Re: [PATCH v3 0/3] introduce a uid/gid shifting bind mount

James Bottomley <James.Bottomley@xxxxxxxxxxxxxxxxxxxxx> · Wed, 19 Feb 2020 14:26:45 -0800

On Wed, 2020-02-19 at 14:26 +0100, Christian Brauner wrote:
> On Tue, Feb 18, 2020 at 03:43:18PM -0800, James Bottomley wrote:
> > On Tue, 2020-02-18 at 21:03 +0100, Christian Brauner wrote:
> > > On Tue, Feb 18, 2020 at 11:05:48AM -0800, James Bottomley wrote:
> > > > On Tue, 2020-02-18 at 18:26 +0100, Christian Brauner wrote:
> > 
> > [...]
> > > > > But way more important: what Amir got right is that your
> > > > > approach and fsid mappings don't stand in each others way at
> > > > > all. Shiftfed bind-mounts can be implemented completely
> > > > > independent of fsid mappings after the fact on top of it.
> > > > > 
> > > > > Your example, does this:
> > > > > 
> > > > > nsfd = open("/proc/567/ns/user", O_RDONLY);  /* note: not
> > > > > O_PATH
> > > > > */
> > > > > configfd_action(fd, CONFIGFD_SET_FD, "ns", NULL, nsfd);
> > > > > 
> > > > > as the ultimate step. Essentially marking a mountpoint as
> > > > > shifted relative to that user namespace. Once fsid mappings
> > > > > are in all that you need to do is replace your
> > > > > make_kuid()/from_kuid()/from_kuid_munged() calls and so on in
> > > > > your patchset with
> > > > > make_kfsuid()/from_kfsuid()/from_kfsuid_munged() and you're
> > > > > done. So I honestly don't currently see any need to block the
> > > > > patchsets on each other. 
> > > > 
> > > > Can I repeat: there's no rush to get upstream on this.  Let's
> > > > pause to get the kernel implementation (the thing we have to
> > > > maintain) right.  I realise we could each work around the other
> > > > and get our implementations bent around each other so they all
> > > > work independently thus making our disjoint user cabals happy
> > > > but I don't think that would lead to the best outcome for
> > > > kernel maintainability.
> > > 
> > > We have had the discussion with all major stakeholders in a
> > > single room on what we need at LPC 2019.
> > 
> > Well, you didn't invite me, so I think "stakeholders" means people
> > we
> 
> I'm confused as you were in the room with everyone. It's even on the
> schedule under your name:
> https://linuxplumbersconf.org/event/4/contributions/474/
> 
> > selected because we like their use case.  More importantly:
> > "stakeholders" traditionally means not only people who want to
> > consume the feature but also people who have to maintain it ... how
> > many VFS stakeholders were present?
> 
> Again, I'm confused you were in the room with at least David and
> Eric.

OK, I think we both got different things out of this, but I've now put
the videos for this on the LPC site so others can judge for themselves.
 The one for this session is here:

https://www.youtube.com/watch?v=LN2CUgp8deo&list=PLVsQ_xZBEyN30ZA3Pc9MZMFzdjwyz26dO&index=9&t=2h12m52s

Although it does make more sense if you watch the Dave Howells session
on the new mount API first:

https://www.youtube.com/watch?v=LN2CUgp8deo&list=PLVsQ_xZBEyN30ZA3Pc9MZMFzdjwyz26dO&index=9&t=1h45m54s

There is lots of discussion of the shared image use case, but nowhere
is there any discussion of separating uid from fsuid in the user
namespace, unless I missed it again in my second viewing?

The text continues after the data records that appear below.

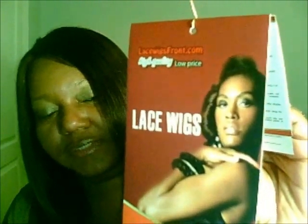14 inches from LaceWigsFront.com. I ordered her on a Friday and received her on Tuesday morning at nine o'clock. That was very fast shipping from China.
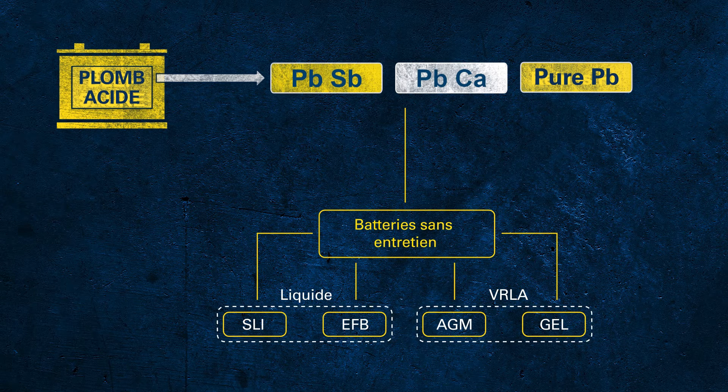In gel batteries, the electrolyte is not liquid but gel-like due to additives. These batteries use the same function principle as AGM batteries and therefore are also valve-regulated.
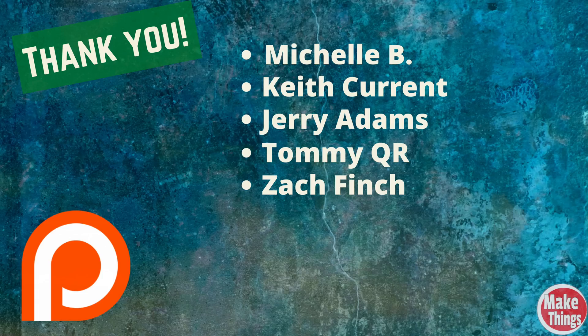I'd like to thank my Patreons that help keep this channel running: Michelle B, Keith Currant, Jerry Adams, Tommy QR, and Zach Finch. If you'd like to get early access, see how some of my secret projects are coming along, and get a free awl, join my Patreon today. And remember to keep making things.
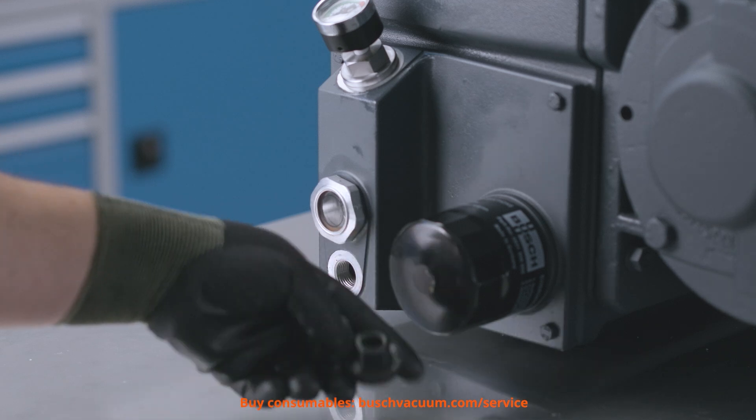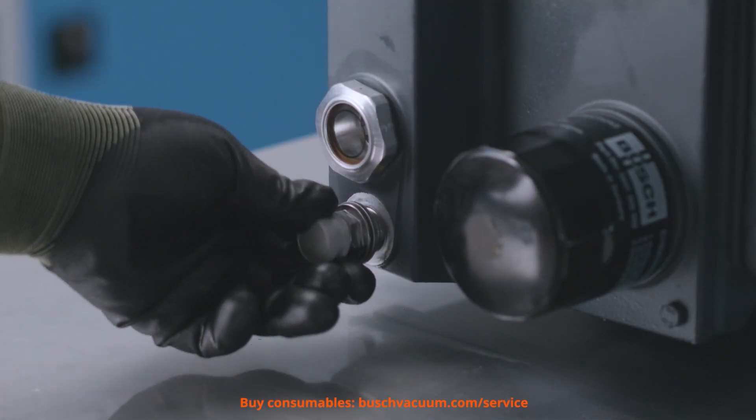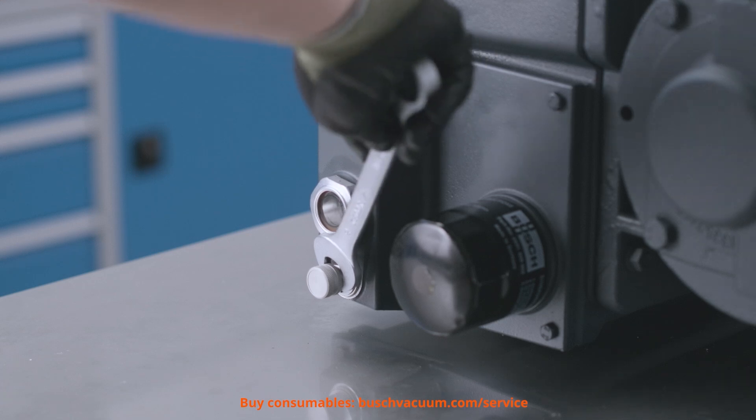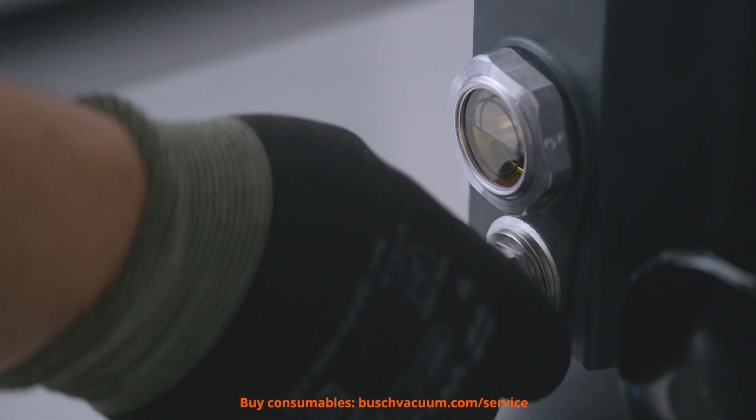First, we drain the old oil and make sure that no oil is left inside the pump. To do this in a practical and clean manner, we use the Busch oil drain valve kit.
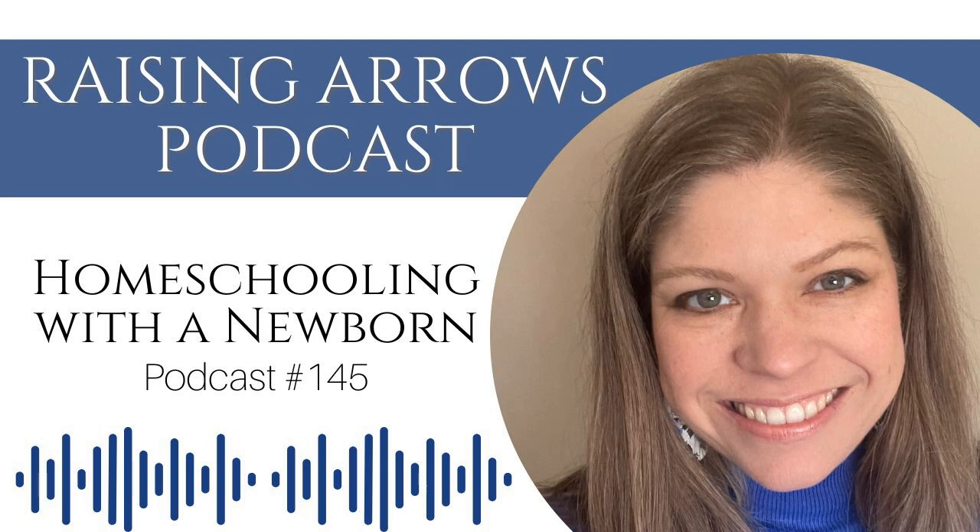As always, I am blessed to have spent this time with you here on the Raising Arrows podcast. I will see you next time.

> In any case, the patches are on the relevant lists. They are actively
> being discussed and visible to everyone and we'll have time for
> proper review which is already happening.

The big issue, though, is that while you've produced a patch set that
covers your use case (shared unprivileged images) it doesn't cover mine
(privileged images).  However, the patch set I produced does cover both
use cases.  Safely handling privileged images is a much bigger security
problem than unprivileged ones, which is why I have more VFS code than
you do.  While I could, in theory, remove your use case from my patch,
doing so would really only reduce it by 38 lines (this is the diffstat
going from v2 to v3).  However, I still need all the code in the v2
patch to handle the backshifts needed for safe privileged images and I
pretty much don't use any of the fsid code you add because I need an
unprivileged fsid and uid, so the shifts are always identical for both
... which is the default before your patch.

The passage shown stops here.